Pulling in our driveway from New Hampshire with Buster, I'm greeted by Stephen and a boy who introduces himself as Trevor. They help me unload the car, pet and play with Buster. Then Stephen takes me aside.

“Mom,” he says. “Now, Mom, listen. I've got to talk to you about something important.”

“Okay.” I take a deep breath. I'm beginning to know this preamble well.

“Promise you won't interrupt.”

“Okay.”

“Say you promise.”

“I promise.”

“Okay. Mom, Trevor's homeless.”

“What?”

“You promised.”

“Sorry.”

“You're forgiven. Mom, listen. He's homeless. He can't go home. He's been kicked out. He's been away this whole
past year at DYS. I knew him a little last summer, but then he got shipped off.”

“May I ask for what?”

“You can ask. Things.”

“What things?”

“Things, Mom. Stuff like I've done. What does it matter? He paid his dues. He just got home from a year in juvie, but no one wants him. They say he'll just make trouble again. He's been sleeping in a friend's car. I told him
maybe
he could stay here—just for a night or two. Mom, I'll cook the dinner. I'll make it fair, Mom.”

“Just for a night or two,” I answer. “We've got a lot going on, huh?
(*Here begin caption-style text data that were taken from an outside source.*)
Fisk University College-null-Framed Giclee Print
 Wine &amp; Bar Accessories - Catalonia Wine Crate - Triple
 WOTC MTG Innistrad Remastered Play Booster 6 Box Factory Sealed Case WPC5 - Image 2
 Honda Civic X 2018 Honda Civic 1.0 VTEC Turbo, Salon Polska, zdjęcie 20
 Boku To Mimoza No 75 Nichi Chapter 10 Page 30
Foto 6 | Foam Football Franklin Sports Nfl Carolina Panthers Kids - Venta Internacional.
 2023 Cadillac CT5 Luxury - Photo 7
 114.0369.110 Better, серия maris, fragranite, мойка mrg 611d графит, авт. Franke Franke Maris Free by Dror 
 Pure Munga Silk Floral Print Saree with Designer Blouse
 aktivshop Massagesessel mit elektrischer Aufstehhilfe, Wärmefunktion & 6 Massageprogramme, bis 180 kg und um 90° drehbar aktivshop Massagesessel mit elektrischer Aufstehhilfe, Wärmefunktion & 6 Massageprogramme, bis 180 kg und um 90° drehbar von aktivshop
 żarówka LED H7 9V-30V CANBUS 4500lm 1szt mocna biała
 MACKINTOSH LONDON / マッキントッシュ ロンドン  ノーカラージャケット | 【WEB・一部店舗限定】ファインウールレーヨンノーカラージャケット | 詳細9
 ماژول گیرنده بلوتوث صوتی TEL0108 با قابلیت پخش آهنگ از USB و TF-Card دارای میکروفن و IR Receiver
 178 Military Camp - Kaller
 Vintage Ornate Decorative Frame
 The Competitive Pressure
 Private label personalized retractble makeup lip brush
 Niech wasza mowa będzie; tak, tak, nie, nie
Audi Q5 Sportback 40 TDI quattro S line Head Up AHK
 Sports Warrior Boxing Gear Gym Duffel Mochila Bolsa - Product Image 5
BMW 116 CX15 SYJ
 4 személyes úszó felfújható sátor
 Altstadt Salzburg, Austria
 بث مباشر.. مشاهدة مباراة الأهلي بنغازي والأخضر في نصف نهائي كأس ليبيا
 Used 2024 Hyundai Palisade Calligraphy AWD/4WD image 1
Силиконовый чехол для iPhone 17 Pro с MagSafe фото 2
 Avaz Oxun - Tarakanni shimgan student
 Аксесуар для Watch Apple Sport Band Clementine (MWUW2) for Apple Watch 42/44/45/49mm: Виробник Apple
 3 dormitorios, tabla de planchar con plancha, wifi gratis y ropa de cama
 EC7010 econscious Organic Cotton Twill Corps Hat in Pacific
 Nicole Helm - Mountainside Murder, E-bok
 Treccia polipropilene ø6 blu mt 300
School's just started. I'll be at Tufts three days a week now, and you've got school, and your community service, and the animals …”

“I know.” Stephen is clear, earnest. “I've been thinking about all that. But look, Mom. We just rescued a dog who's epileptic. Here's a kid, Mom, a
kid
who's homeless …”

Trevor in trees / Photo by Stephen Digges

Fall, 1994

In late October Mugsie the cat gives birth to a second litter of kittens. A week later she is killed by a car on Blue Hills Road. Trevor finds her as he walks home from God knows where. He places her on the front step. The dogs solemnly circle and sniff her.

It's about three in the morning of a weeknight, but we're all up, our lights burning on through the November night, each of the boys carrying out some business of his own, music or reading. I've been what might roughly be called asleep, released for a while upstairs like a flag at the top of the house.

Stephen kneels and weeps. He lifts Mugs's head to see and to show her slack gaze, the small stretched body pooling a bit. Steve gently turns her over.

Trevor curses and goes to his room. Later we will hear from him bitterly. We're still getting to know each other, though he's lived with us now for a year.

Things hadn't gone well regarding his return home to his family from DYS. After a month or so it was clear that if he didn't stay on with us, he'd be returned to the Department of Youth Services shelter in Springfield. Though he was living at our house, attending high school with Stephen, I had no authority to speak with his teachers about his work, his status.

“I'm sorry,” the guidance counselor would say, flatly satisfied, “but you have no rights in this matter.”

In the end I applied to the state boards to become his foster mother.

At sixteen, Trevor is quiet, thoughtful by nature, an observer of life. It's hard for me to imagine him acting out the trouble everyone, including the school, holds against him. He loves the animals, especially the cats, and he has given African names to several.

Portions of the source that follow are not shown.